2 pkgs Robin Hood® Cinnamon Swirl Quick Bread Mix
1 cup 250 mL chopped almonds
1 cup 250 mL unflavoured yogurt or sour cream
½ cup 125 mL water
1/3 cup 75 mL Crisco® Vegetable or Canola Oil
4 eggs
3 cups 750 mL pitted cherries, coarsely chopped
1 cup 250 mL white chocolate chips

Directions

  1. Preheat oven to 350°F (180°C). Grease a 10” (25 cm) tube pan.
  2. Combine both small packets of cinnamon swirl mix from the Quick Bread packages in small bowl. Mix in chopped almonds. Set aside.
  3. Toss ¼ cup (50 mL) Quick Bread Mix with cherries.
  4. Place both packages of Quick Bread Mix, yogurt, water, oil and eggs in a large mixing bowl. Using a hand held whisk or wooden spoon, beat until batter is combined. Stir in cherries.

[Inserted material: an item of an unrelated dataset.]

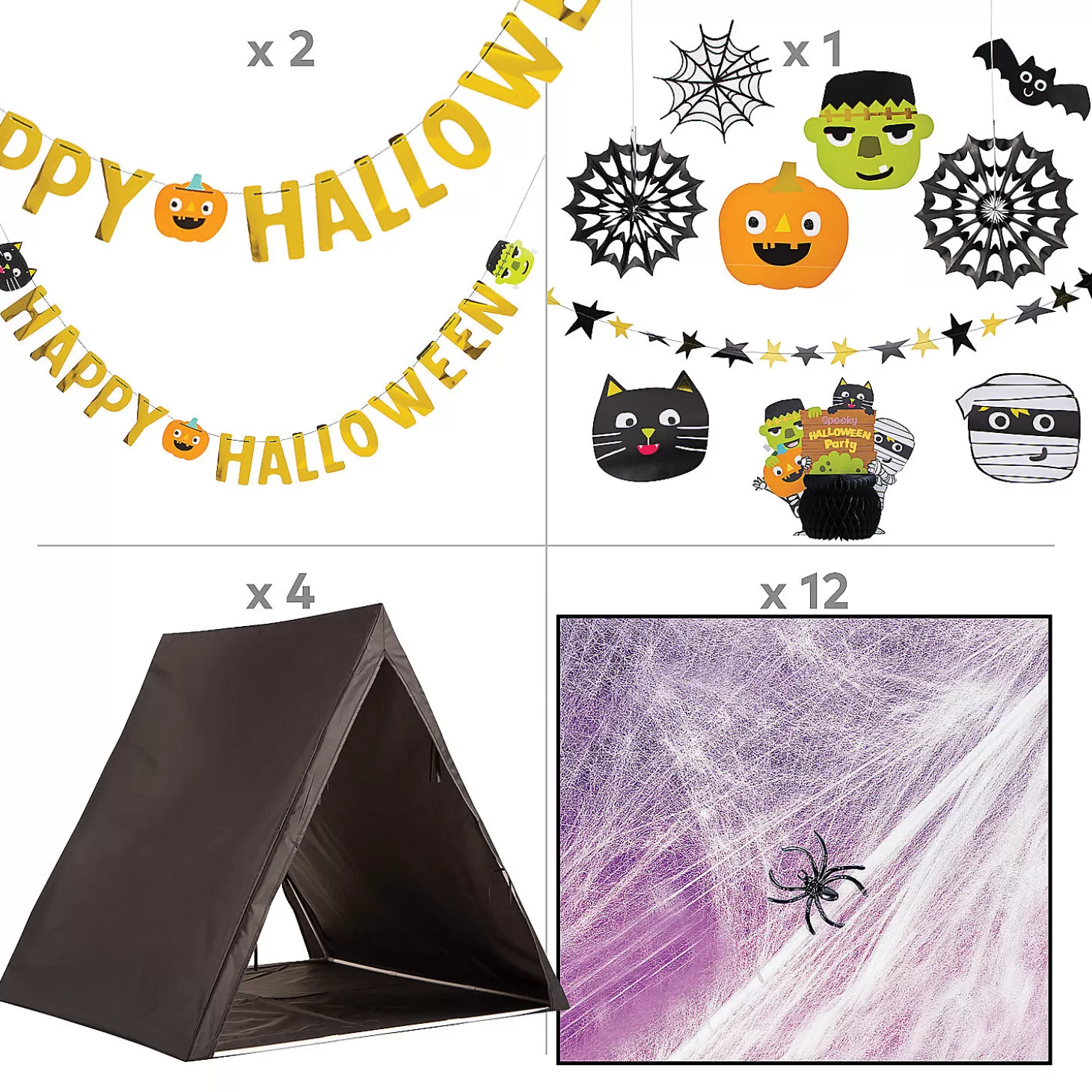 Best Sale Spooky Sleepover Tent Kit For 4 Guests Halloween Fun Kits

  5. Spread about 3 cups (750 mL) batter into prepared pan. Sprinkle with white chocolate chips. Set aside ½ cup (125 mL) cinnamon swirl mixture and sprinkle with remaining swirl mixture. Top with remaining batter and sprinkle with remaining swirl mixture.
  6. Bake in preheated oven 70 to 75 minute or until toothpick inserted in center of cake comes out clean. Cool in pan on wire cooling rack for at least 30 minutes.